╭──
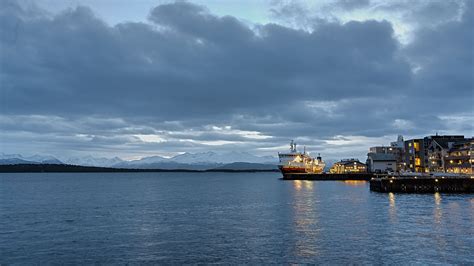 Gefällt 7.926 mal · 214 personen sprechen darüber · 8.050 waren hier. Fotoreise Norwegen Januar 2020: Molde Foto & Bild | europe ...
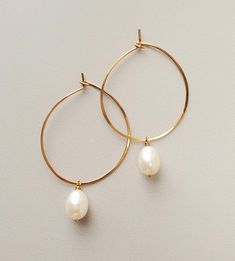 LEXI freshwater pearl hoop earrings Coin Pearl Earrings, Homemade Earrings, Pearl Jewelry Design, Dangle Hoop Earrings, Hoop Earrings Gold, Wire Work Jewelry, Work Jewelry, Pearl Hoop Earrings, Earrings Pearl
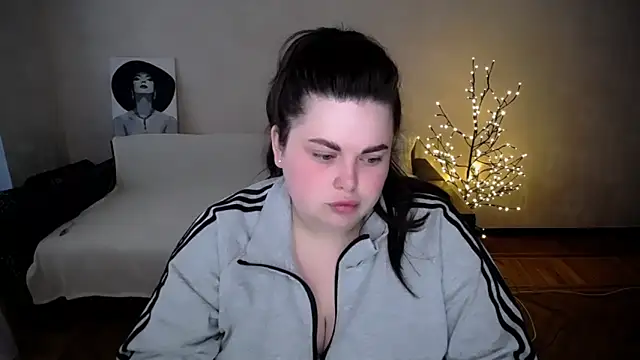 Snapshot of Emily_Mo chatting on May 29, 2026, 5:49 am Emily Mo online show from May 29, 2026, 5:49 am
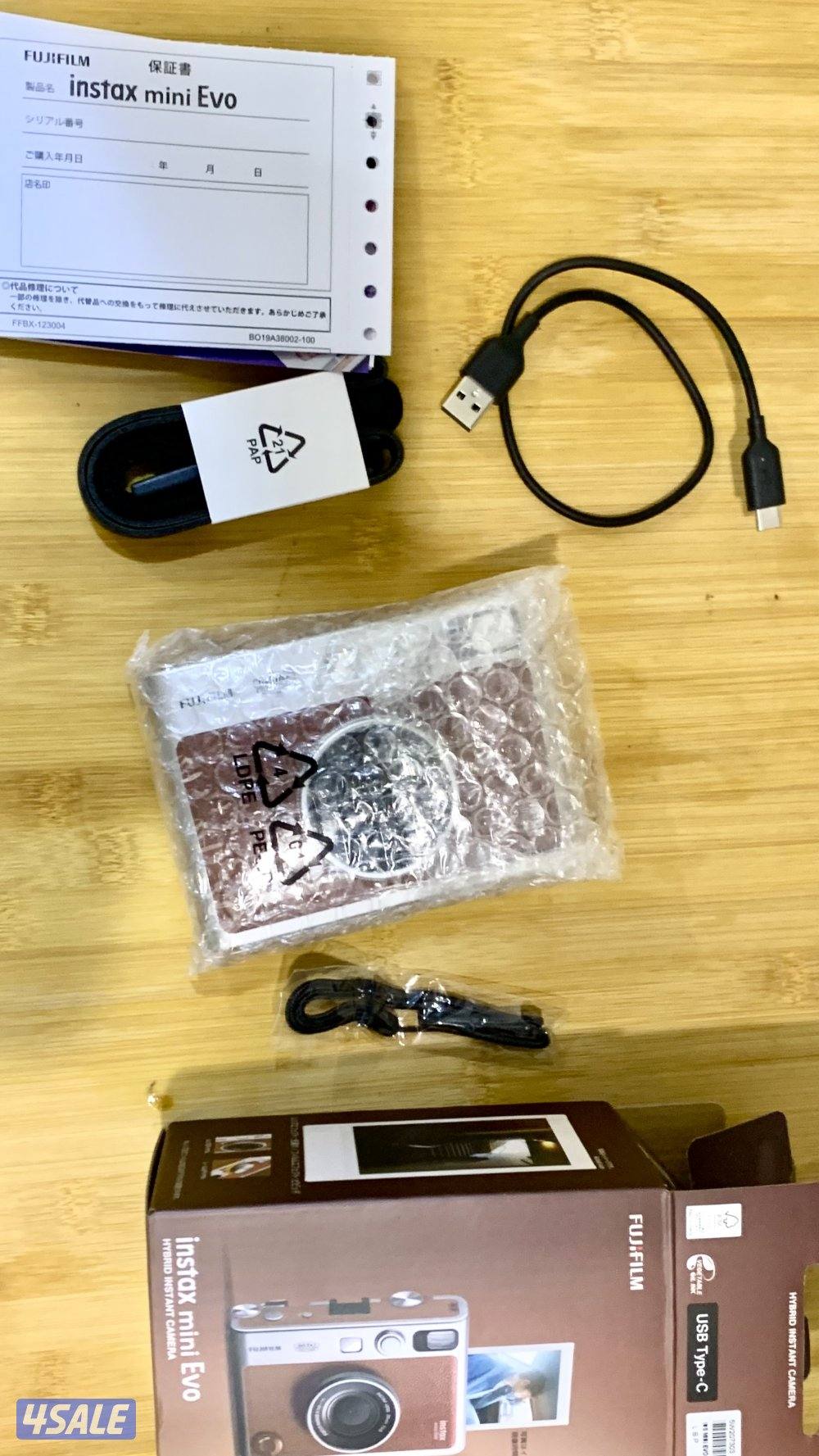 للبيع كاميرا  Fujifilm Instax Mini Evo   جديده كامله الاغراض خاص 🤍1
╰──
■ TASK ITEM:
Your reply should hold only the lines running from the one with "LEXI freshwater pearl" to the end of the data above, set down exactly, pictures omitted.

■ TASK SOLUTION:
 LEXI freshwater pearl hoop earrings Coin Pearl Earrings, Homemade Earrings, Pearl Jewelry Design, Dangle Hoop Earrings, Hoop Earrings Gold, Wire Work Jewelry, Work Jewelry, Pearl Hoop Earrings, Earrings Pearl
 Snapshot of Emily_Mo chatting on May 29, 2026, 5:49 am Emily Mo online show from May 29, 2026, 5:49 am
 للبيع كاميرا  Fujifilm Instax Mini Evo   جديده كامله الاغراض خاص 🤍1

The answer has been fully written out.